HISTORIETAS DO MEIO DA SEMANA 42

A sinuca do Seu Mateus

Ele viu a Maria chegar e dizer-lhe baixinho:

- Jorginho sua mãe ta lhe procurando já faz é tempo.

- Já vou! E saiu correndo pra casa, só a um pulo do bar.

- Que é que você tava fazendo no Bar do Seu Mateus?

- Nada, Mamãe, só tava lá um pouquinho...

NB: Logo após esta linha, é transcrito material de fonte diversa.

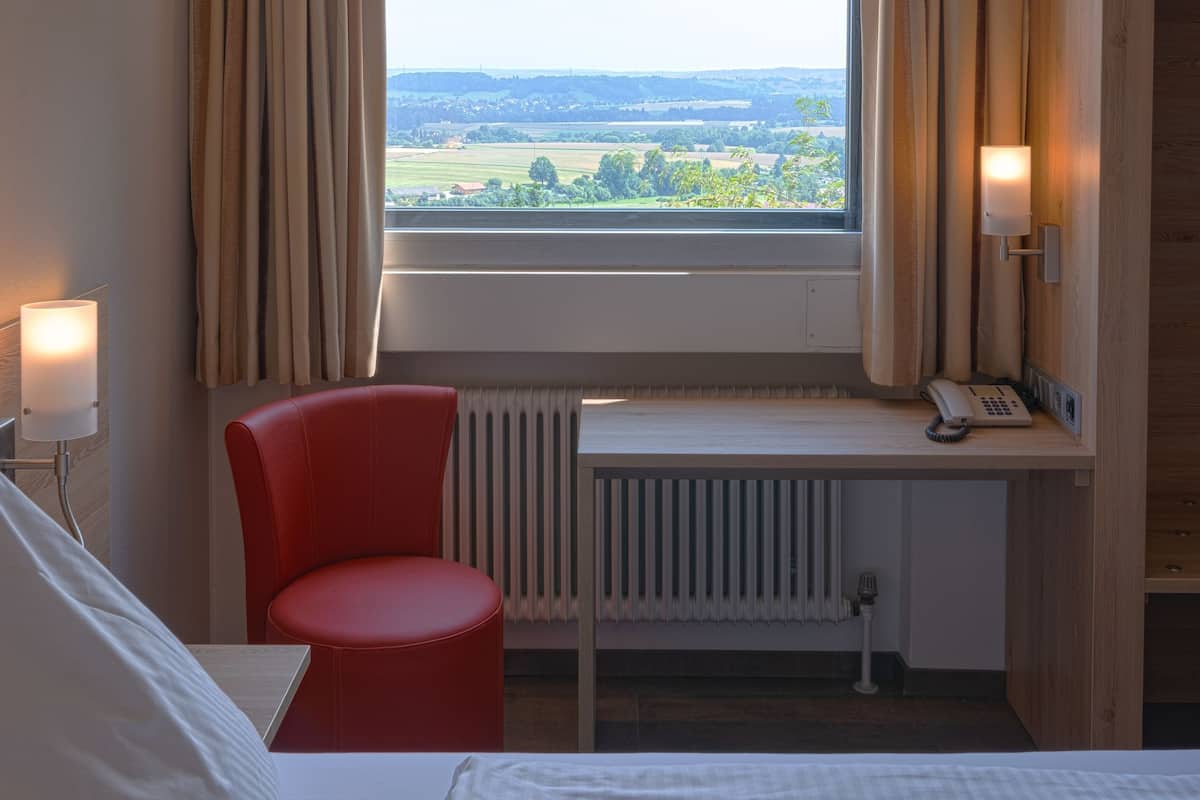 A hotel room with a bed, a desk with a telephone, a red chair, and a view of the countryside through a window.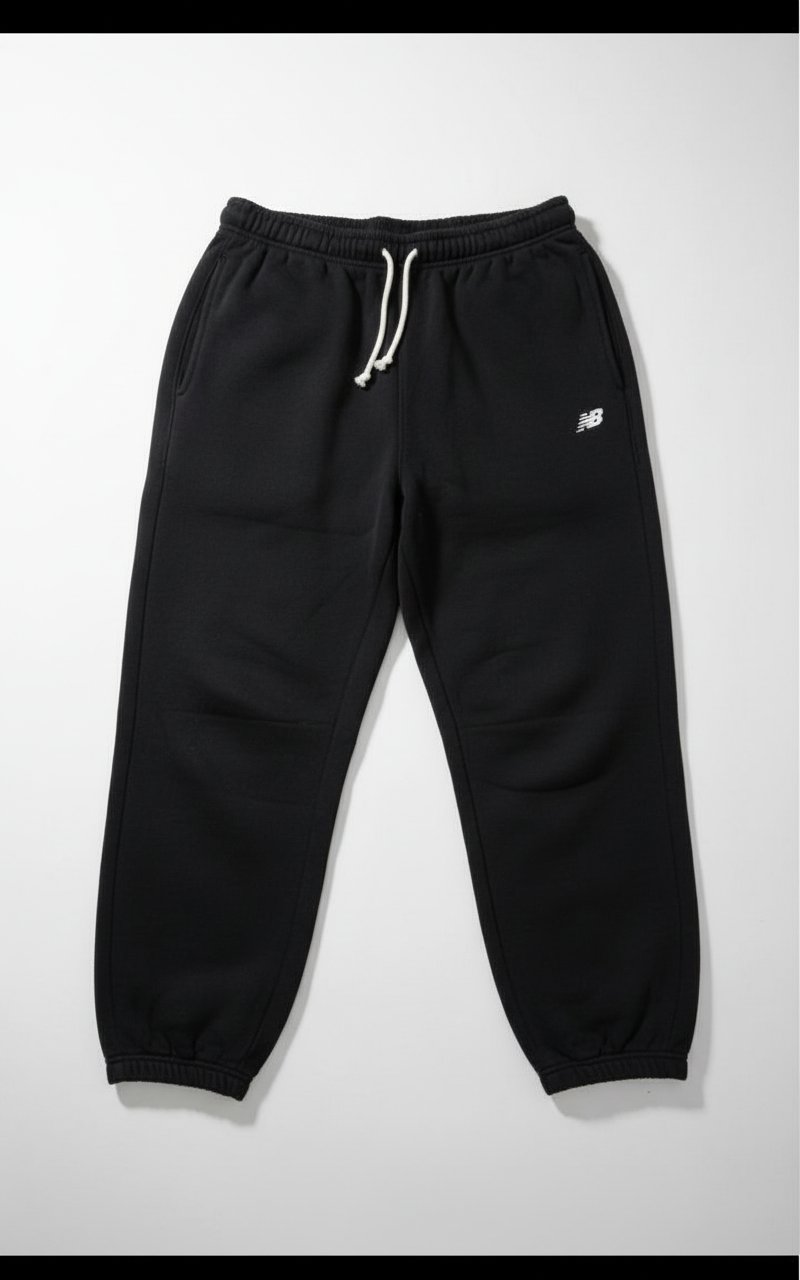 Pantalon NEW BALANCE noir taille L état 10/10.petit defaut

Na verdade ele estava ao lado da sinuca nos fundos do bar. O velho vendia bebidas, refrescos, bolachas e uma porção de bugigangas e tinha essa sinuca. Jogar sinuca era proibido para ele, mas ela o fascinava: o pano de feltro verde, as bolas de cores, a lousa para marcar, tudo lhe dava vontade de jogar. Nunca passou por sua cabeça que aquele simples bater de bolas coloridas traria problemas para sua “cultura”. Mas os de casa pensavam assim; não sua mãe, ela não era Raposo, seus motivos talvez fossem de ordem religiosa. Sem nunca ter pegado num taco, ele acostumou-se a ver os outros jogarem e, quando muito, anotar na lousa os pontos feitos. Ele não podia ficar muito tempo, pois a mãe o controlava bastante.

Quando chegou, a janta já tava na mesa. Se ele demora mais um pouco ficaria sem almoço, pois a regra de sua mãe era: quem não estivesse em casa na hora do almoço passava por “debaixo da mesa”.